Leibniz was an optimist—he was the model of Voltaire's Dr. Pangloss—and he saw a bright future for what we would now call algorithmic thinking. Calculation would be the key to settling all human conflicts and disagreements, he believed. I can't quite match Leibniz's faith in attaining world peace through computation, but in my own way I'm an algorithmic optimist too. I see computing as an important tool for helping us understand the world we live in and enriching our experience of life.
When I wrote that first column, the idea of a personal computer was still a novelty, and there was some question what it might be good for. Now the computer is a fixture of daily life. We rely on it to read the news, to keep in touch with friends, to listen to music and watch movies, to pay bills, to play games, and occasionally to get a bit of work done. Oddly enough, though, one thing we seldom do with the computer is compute. Only a minority of computer users ever sit down to write a program as a step in solving a problem or answering a question. In this column I want to celebrate the rewards of programming and computing, and cheer on those who get their kicks out of this peculiar sport. I also have a few words to say about the evolution of tools for programming.
Inquisitive Computing
Let me be clear about what kind of programming I have in mind. I'm
not
talking about software development. In software development, the end product is the program itself. The developer builds a web browser, say, or a word processor—a program that others can then put to use. In
my
kind of programming, the product is not the program but the result of running the program. That result might be a number or a graph or an image; in general, it's an answer to a question. Let's call the whole process
inquisitive computing
.
The earliest computers were all used in an inquisitive mode. One of those innovative machines was the EDSAC, built at Cambridge University under the direction of Maurice V. Wilkes. On May 6, 1949, a punched paper tape was threaded into the EDSAC's input device, and a few seconds later a nearby teleprinter began typing out the numbers 0, 1, 4, 9, 16, 25, 36, continuing on to 9,801. Clearly, this was computing for answers, although I suppose the Cambridge dons assembled for the demonstration weren't really there to learn the squares of the integers from 0 through 99. A few days later another program generated a table of prime numbers up to 1,021.

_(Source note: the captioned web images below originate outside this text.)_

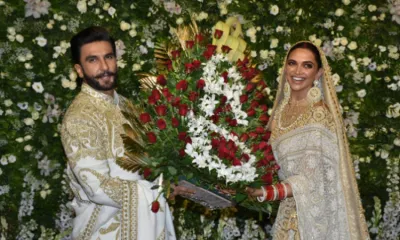 Deepika Padukone-Ranveer Singh reception- India TV Hindi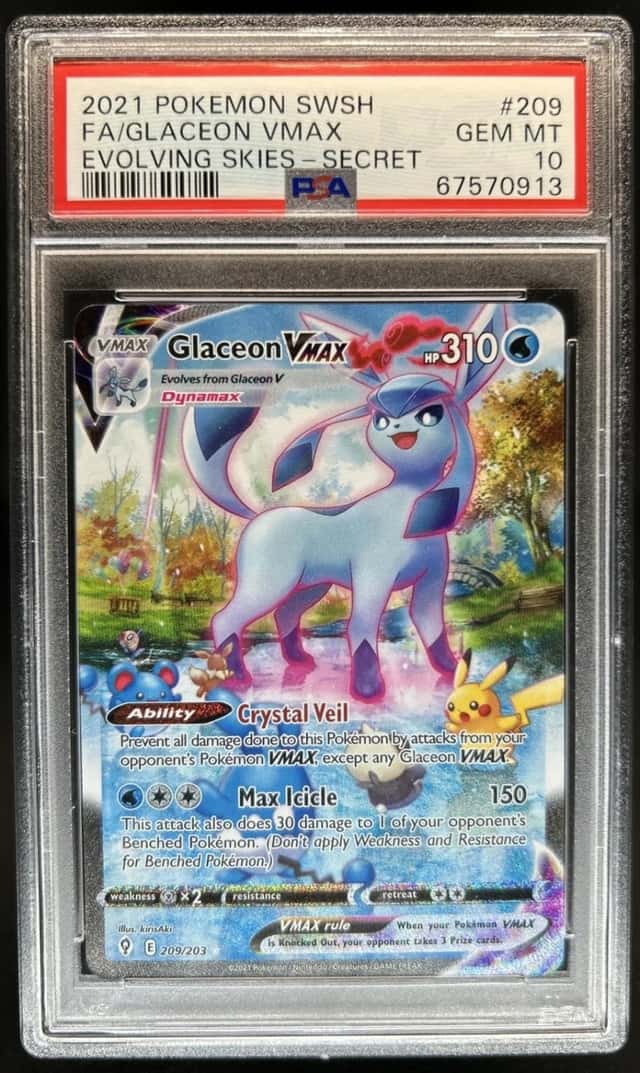 Glaceon VMAX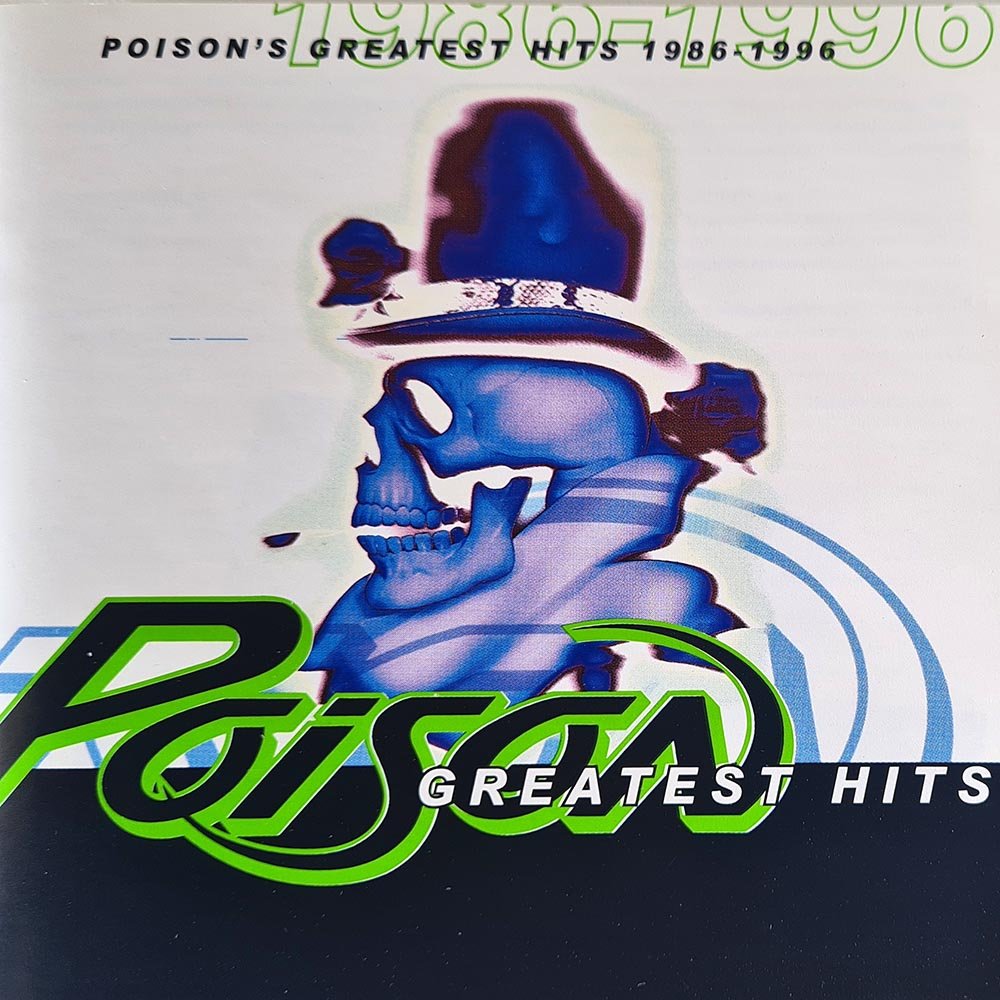 Poison - Poison's Greatest Hits 1986 - 1996 (CD) - Vinyl Kitchen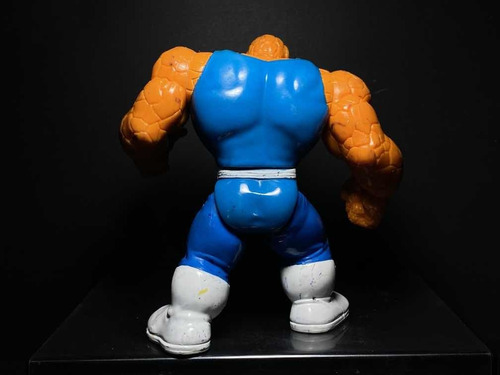 Thing Rock Breaking Action Platform La Mole Fantastic Four (Usado)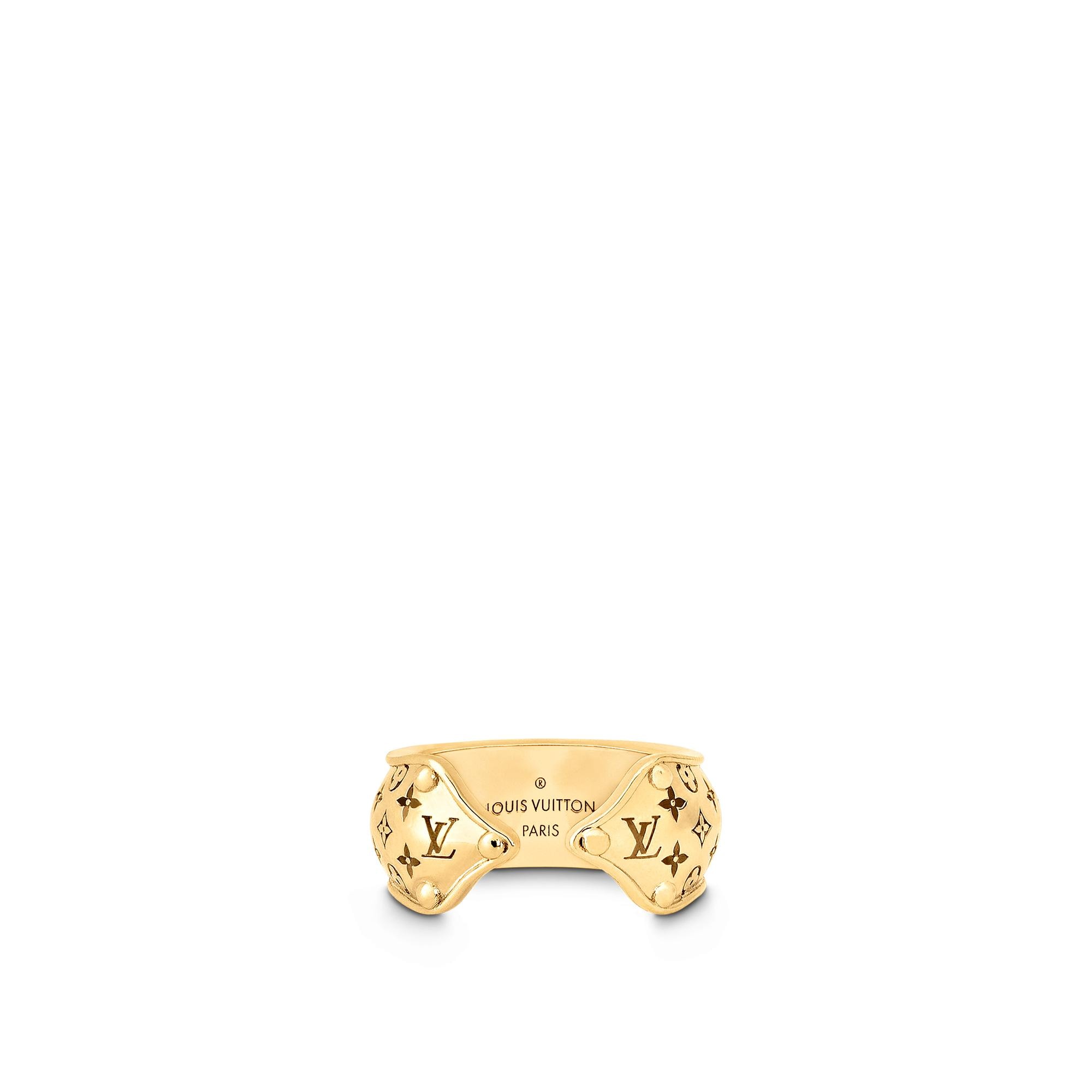 Louis Vuitton Nanogram Sweet Dreams Earrings M69650 - Privae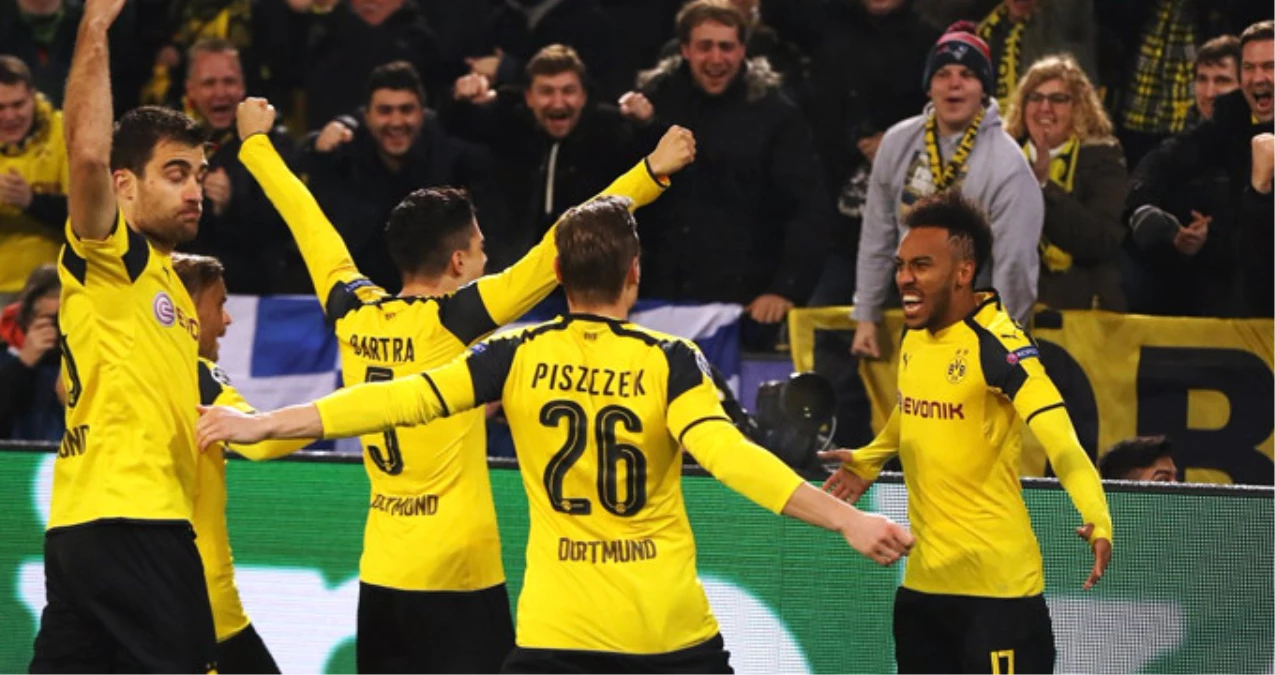 Şampiyonlar Ligi\'nde Borussia Dortmund, Benfica\'yı 4-0 Yendi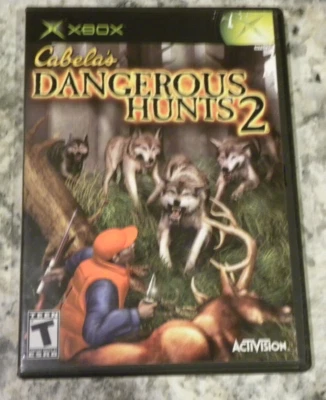 Cabela's Dangerous Hunts 2 (Microsoft Xbox, 2005) - Image 1 of 4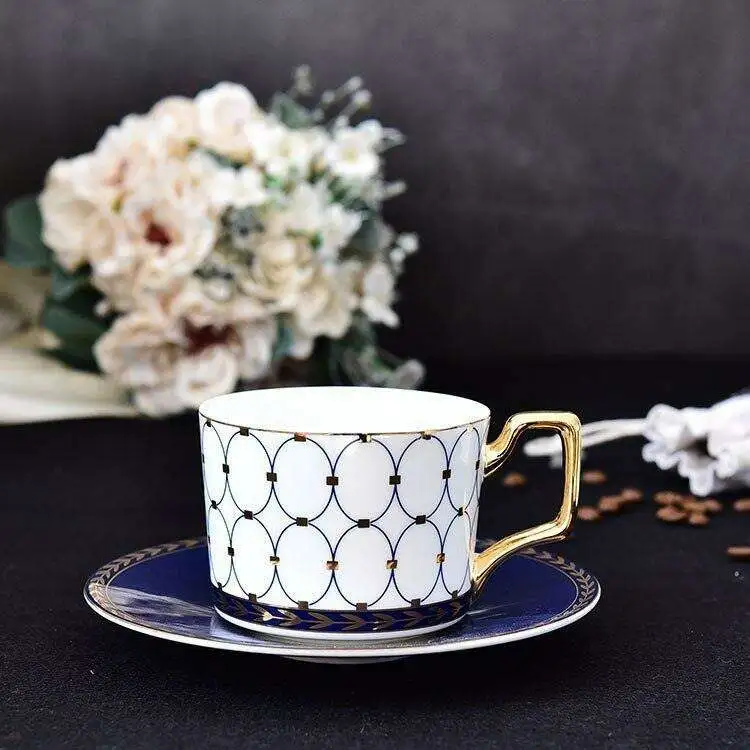 Handled Ceramic Coffee Cup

If these accomplishments seem trifling, keep in mind that the first EDSAC programs had to take control of the machine at the level of bare metal. There were no operating systems or programming languages. Every step in an algorithm had to be specified in excruciating detail. Merely getting the teletype to print out a number took a dozen instructions.
Over the next decade, the EDSAC had a distinguished career in inquisitive computing. The statistician Ronald A. Fisher used the machine to solve a problem in genetics, quantifying the effect of selective advantage on gene frequency. The Danish astronomer Peter Naur came to Cambridge to calculate orbits of planetoids and comets. Naur was knocked out of his own orbit by this encounter with EDSAC; he left astronomy and became a distinguished theorist of computing. The biologist John Kendrew relied on the EDSAC to analyze xray diffraction patterns of the myoglobin molecule, thereby elucidating the threedimensional structure of the protein.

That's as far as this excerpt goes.